02:02:36.500 All right.
02:02:36.820 A normal cup of coffee would be about 200 milligrams of strong coffee.
02:02:40.500 I consume about 800 milligrams of caffeine a day.
02:02:44.060 I drink, I'm half Argentine.
02:02:45.640 So I drink, I drink, I drink yerba mate.
02:02:48.180 Oh yeah.
02:02:48.780 A cold brew zero sugar yerba mate, or I drink yerba mate out the gourd.
02:02:52.760 If you're going to drink yerba mate, don't get the, don't get the sugary kind.
02:02:56.440 Nope.
02:02:56.740 Get the loose leaf.
02:02:57.740 No, we, I have a yerba mate brand.
02:02:59.380 It's not that one.
02:02:59.960 You can get that yerba homie.
02:03:00.560 Ours is Matina, which is, I'm not going to do a promotional here, but the point here
02:03:04.700 is that if you like energy drinks, you like yerba mate, you like coffee, I'm like more
02:03:09.500 power to you.
02:03:10.300 So there's 200 in a cup of coffee?
02:03:11.860 Yeah.
02:03:12.340 Okay.
02:03:12.540 Yeah.
02:03:12.680 And what's in one of these?
02:03:14.020 Oh, what's it was?
02:03:14.700 200 milligrams.
02:03:15.640 So there was actually a study just published on taurine that everyone's worried about,
02:03:18.280 but that study was in vitro.

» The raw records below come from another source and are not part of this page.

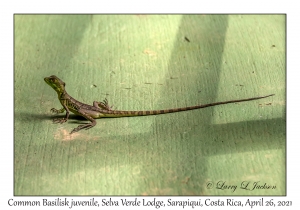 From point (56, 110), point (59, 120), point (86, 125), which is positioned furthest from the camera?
point (56, 110)

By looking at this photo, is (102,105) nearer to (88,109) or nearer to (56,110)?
(88,109)

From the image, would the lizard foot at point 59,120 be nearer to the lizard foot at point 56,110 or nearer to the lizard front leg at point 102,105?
the lizard foot at point 56,110

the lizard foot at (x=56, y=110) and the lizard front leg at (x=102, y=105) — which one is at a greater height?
the lizard front leg at (x=102, y=105)

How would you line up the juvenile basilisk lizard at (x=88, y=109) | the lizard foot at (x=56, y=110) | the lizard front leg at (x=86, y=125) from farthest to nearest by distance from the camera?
the lizard foot at (x=56, y=110) < the juvenile basilisk lizard at (x=88, y=109) < the lizard front leg at (x=86, y=125)

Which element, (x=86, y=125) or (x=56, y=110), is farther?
(x=56, y=110)

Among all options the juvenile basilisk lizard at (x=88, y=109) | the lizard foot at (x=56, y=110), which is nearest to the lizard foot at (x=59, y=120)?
the juvenile basilisk lizard at (x=88, y=109)

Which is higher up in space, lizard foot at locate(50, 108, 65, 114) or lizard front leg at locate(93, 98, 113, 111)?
lizard front leg at locate(93, 98, 113, 111)

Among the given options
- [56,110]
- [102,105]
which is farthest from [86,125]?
[56,110]

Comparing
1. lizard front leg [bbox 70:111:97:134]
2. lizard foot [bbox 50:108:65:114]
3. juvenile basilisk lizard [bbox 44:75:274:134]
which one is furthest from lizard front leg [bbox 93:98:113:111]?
lizard foot [bbox 50:108:65:114]

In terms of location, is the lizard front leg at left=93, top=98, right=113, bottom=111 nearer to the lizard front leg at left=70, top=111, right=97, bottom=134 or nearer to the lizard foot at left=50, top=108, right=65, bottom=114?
the lizard front leg at left=70, top=111, right=97, bottom=134

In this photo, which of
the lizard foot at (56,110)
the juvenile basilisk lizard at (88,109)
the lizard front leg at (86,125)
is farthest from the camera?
the lizard foot at (56,110)

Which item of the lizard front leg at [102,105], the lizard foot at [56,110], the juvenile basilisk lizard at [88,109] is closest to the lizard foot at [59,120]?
the juvenile basilisk lizard at [88,109]

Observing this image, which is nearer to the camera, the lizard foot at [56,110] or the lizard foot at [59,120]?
the lizard foot at [59,120]

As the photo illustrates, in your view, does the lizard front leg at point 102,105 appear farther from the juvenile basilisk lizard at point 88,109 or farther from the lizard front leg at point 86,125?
the lizard front leg at point 86,125
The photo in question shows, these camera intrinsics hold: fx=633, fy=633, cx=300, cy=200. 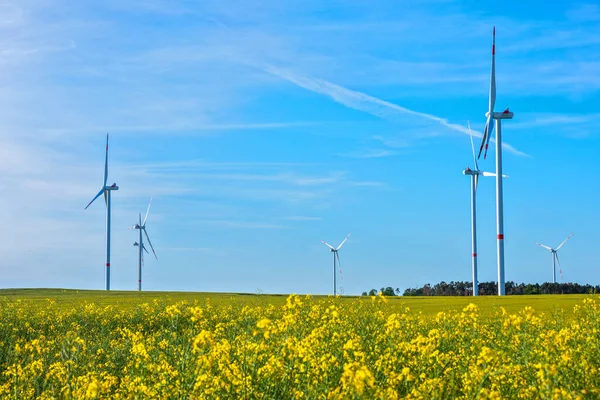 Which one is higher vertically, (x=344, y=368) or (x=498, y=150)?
(x=498, y=150)

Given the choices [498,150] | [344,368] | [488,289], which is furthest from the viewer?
[488,289]

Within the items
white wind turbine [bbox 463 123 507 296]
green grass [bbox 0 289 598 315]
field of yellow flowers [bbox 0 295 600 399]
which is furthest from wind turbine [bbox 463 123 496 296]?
field of yellow flowers [bbox 0 295 600 399]

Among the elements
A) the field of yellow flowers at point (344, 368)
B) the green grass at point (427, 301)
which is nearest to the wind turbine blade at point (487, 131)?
the green grass at point (427, 301)

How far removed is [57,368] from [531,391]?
Answer: 7172mm

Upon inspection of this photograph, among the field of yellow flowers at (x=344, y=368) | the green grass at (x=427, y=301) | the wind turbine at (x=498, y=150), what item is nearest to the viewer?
the field of yellow flowers at (x=344, y=368)

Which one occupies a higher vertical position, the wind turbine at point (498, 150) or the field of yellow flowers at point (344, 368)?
the wind turbine at point (498, 150)

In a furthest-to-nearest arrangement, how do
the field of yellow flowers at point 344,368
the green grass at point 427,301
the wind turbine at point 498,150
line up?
the wind turbine at point 498,150, the green grass at point 427,301, the field of yellow flowers at point 344,368

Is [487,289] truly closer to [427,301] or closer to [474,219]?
[474,219]

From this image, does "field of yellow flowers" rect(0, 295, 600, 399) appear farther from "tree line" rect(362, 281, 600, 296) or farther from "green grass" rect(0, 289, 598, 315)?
"tree line" rect(362, 281, 600, 296)

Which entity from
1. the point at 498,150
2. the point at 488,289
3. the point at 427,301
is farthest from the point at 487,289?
the point at 427,301

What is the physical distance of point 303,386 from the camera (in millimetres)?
7805

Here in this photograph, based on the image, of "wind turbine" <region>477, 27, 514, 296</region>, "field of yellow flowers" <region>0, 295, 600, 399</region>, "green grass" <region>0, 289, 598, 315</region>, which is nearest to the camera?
"field of yellow flowers" <region>0, 295, 600, 399</region>

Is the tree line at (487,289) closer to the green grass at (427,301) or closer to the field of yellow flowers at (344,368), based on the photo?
the green grass at (427,301)

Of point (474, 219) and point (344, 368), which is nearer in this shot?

02:03:19.700 I need to see a lot of data.
02:03:20.760 There's a lot of data actually that taurine is beneficial for the heart and it has kind
02:03:24.960 of an anti-aging thing.
02:03:25.960 It's in, you know, a lot of energy drinks.
02:03:27.800 Yeah.
02:03:27.980 It's like a lysine and a taurine.
02:03:29.460 Um, I love caffeine.
02:03:32.020 I mean, man, caffeine and nicotine.
02:03:34.860 I right now I'm kind of easing back on it.
02:03:37.700 The delivery mechanism, man, you don't want to smoke vape, dip or snuff.
02:03:40.820 You get cancer.
02:03:41.840 People go, oh, vaping is not bad.
02:03:44.240 Popcorn lung is real.
02:03:45.620 People hate me for saying that vaping is bad.
02:03:47.820 Not as bad as smoking.
02:03:49.300 Vaping ain't good for you.
02:03:50.660 And what flavor is the worst flavor?
02:03:51.440 Any flavor?
02:03:52.420 It's all bad for you, man.
02:03:53.740 But the gums and the pouches provided it's a low dose.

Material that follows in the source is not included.